Here’s an example of what it could look like from ProfitWell:
In terms of [company] pricing, which of the following when it comes to pricing is most preferred? Least preferred?
Once you’ve asked enough people, you can identify the ideal value metric and have confidence that you've chosen the right value metric.
Are you currently using value metrics yet? I'm curious. Leave a comment below.
Frequently Asked Questions
Below, you will find a summary of the key points we have already touched on, along with the answers to frequently asked questions regarding value metrics and growth strategy.
What is the difference between data and metrics?
Metrics usually contain a single type of data and set the parameters for the data your business will use to measure performance. You can't pick your data, but you can choose your metrics. Once you decide on your metrics, they need to be applied consistently.
What are key growth metrics?
Some key growth metrics you want to analyze include revenue generation, cost per lead, customer acquisition, conversion rates, the number of active users, and more. Growth metrics can help examine the historic growth of a company and hopefully give you clues for the future.

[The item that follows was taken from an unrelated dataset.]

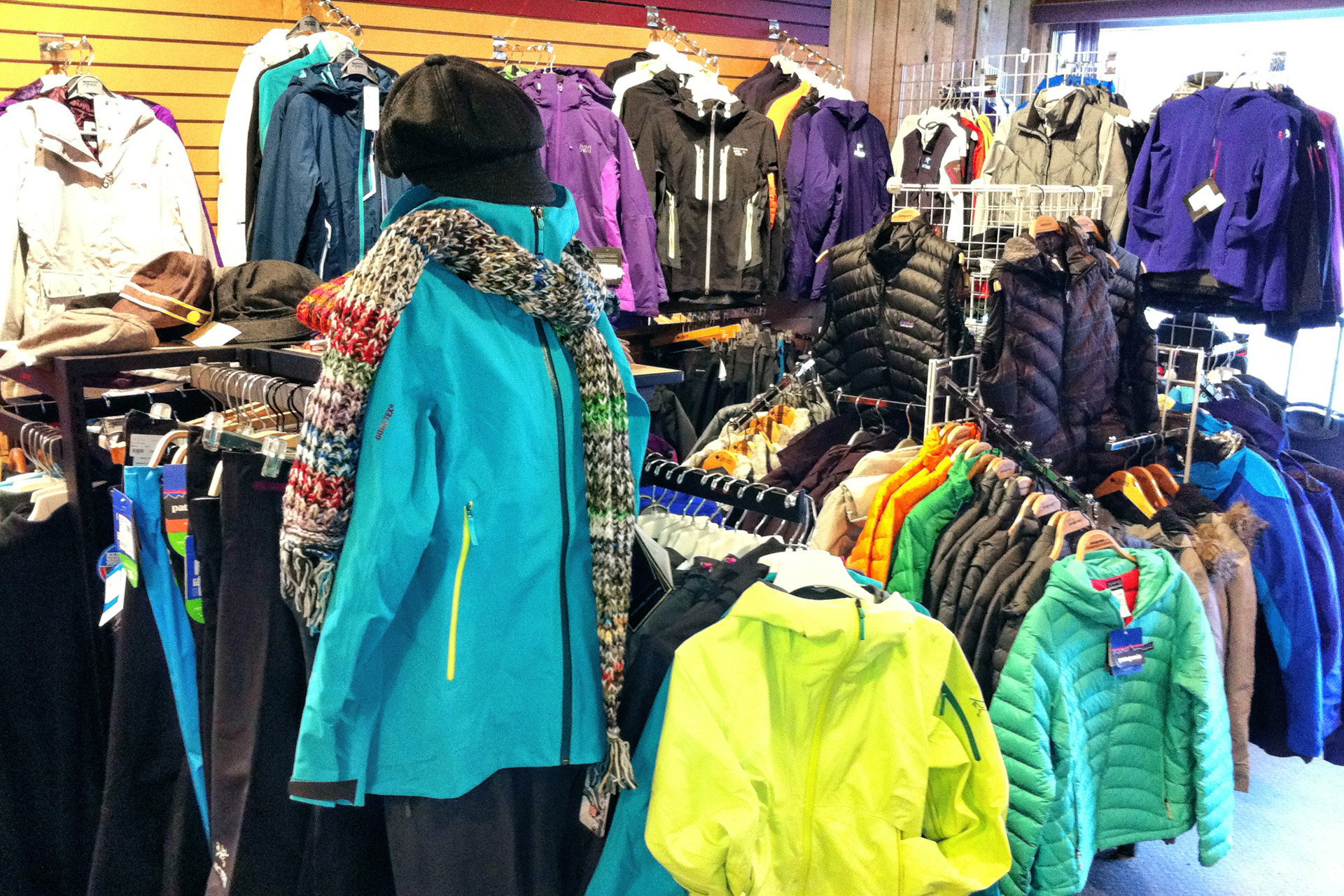 Interior of High Country Sports showing jackets and outdoor clothing.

What are the five most common pricing strategies?
While several pricing strategies exist, five are the most common. These common strategies include cost-plus pricing, competitive pricing, value-based pricing, price skimming, and penetration pricing.
Cost-plus pricing is simply calculating your costs and then adding the markup. For competitive pricing, you set a price based on what your competition charges. Value-based pricing is when you set a price based on how much the customer backs and believes in what you offer and what your product is worth.
Price skimming is when you establish a high price, and then that price is lowered as the market continues to evolve. Finally, penetration pricing is when you set a lower cost to enter a competitive market, and that price is raised later.
What are the five key performance indicators?
Some top KPIs you will want to keep a closer eye on include the current ratio, website goal conversions, average spend per sale, sales staff performance, and business growth. These performance indicators can help you with your business goals. You must choose the correct performance indicators with many trackable metrics to develop the best growth strategy to build your business.
Does your value metric grow with the customer?
You must always ensure that your value metric grows with the customer to increase your monthly recurring revenue (MMR). A good SaaS business can still grow if its acquisition stalls a bit as long as its value metric aligns with the customers. Hubspot is just one example of a company that grew based on this kind of growth.
How do you arrive at a value-based price?
When you want to determine a value-based price, you need to choose a product that is comparable to your own and research to find out how much customers pay for it. You then need to examine how your product is different from a similar product and then place a financial value on all of those differences you find.
Add everything positive about your product, subtract the negatives, and then you can come up with a potential price point. You always want to make sure the customer’s value is higher than your costs.
What is a net promoter score?
A net promoter score (NPS) is a management tool that helps gauge the loyalty of your company's customer relationships. It is an acceptable alternative to more traditional customer satisfaction research. It has also been linked with revenue growth.
Learn to Optimize Your SaaS Business with Value Metrics
Above, we went beyond the basics of optimizing your SaaS business with value metrics. We dug into the finer details to help you understand where and how this fits into your business. The right approach to value metrics ensures that your target audience gets as much value as possible from your product. And with that, good growth happens.